Problem description => Reproduce, please, only the lines from the first line below to the line containing "Picture of HERBERT", inclusive.

Dataset records =>

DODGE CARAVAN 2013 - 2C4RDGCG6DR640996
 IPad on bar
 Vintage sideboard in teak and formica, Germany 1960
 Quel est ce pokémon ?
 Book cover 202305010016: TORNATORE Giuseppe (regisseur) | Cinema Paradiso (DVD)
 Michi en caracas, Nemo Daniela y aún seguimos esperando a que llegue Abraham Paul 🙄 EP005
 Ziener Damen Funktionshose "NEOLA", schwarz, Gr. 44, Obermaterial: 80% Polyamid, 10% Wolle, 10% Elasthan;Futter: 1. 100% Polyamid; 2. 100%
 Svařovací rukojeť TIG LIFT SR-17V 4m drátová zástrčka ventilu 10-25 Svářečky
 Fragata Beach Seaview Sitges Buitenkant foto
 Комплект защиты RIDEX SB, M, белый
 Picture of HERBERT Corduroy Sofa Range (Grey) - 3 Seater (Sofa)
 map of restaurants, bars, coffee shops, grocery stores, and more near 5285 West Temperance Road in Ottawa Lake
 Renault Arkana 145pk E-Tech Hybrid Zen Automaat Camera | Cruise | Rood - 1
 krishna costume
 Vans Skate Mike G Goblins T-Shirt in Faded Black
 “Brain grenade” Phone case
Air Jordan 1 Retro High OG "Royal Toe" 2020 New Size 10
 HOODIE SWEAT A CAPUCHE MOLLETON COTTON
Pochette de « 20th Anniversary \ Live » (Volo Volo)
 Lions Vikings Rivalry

Answer for this exercise =>
DODGE CARAVAN 2013 - 2C4RDGCG6DR640996
 IPad on bar
 Vintage sideboard in teak and formica, Germany 1960
 Quel est ce pokémon ?
 Book cover 202305010016: TORNATORE Giuseppe (regisseur) | Cinema Paradiso (DVD)
 Michi en caracas, Nemo Daniela y aún seguimos esperando a que llegue Abraham Paul 🙄 EP005
 Ziener Damen Funktionshose "NEOLA", schwarz, Gr. 44, Obermaterial: 80% Polyamid, 10% Wolle, 10% Elasthan;Futter: 1. 100% Polyamid; 2. 100%
 Svařovací rukojeť TIG LIFT SR-17V 4m drátová zástrčka ventilu 10-25 Svářečky
 Fragata Beach Seaview Sitges Buitenkant foto
 Комплект защиты RIDEX SB, M, белый
 Picture of HERBERT Corduroy Sofa Range (Grey) - 3 Seater (Sofa)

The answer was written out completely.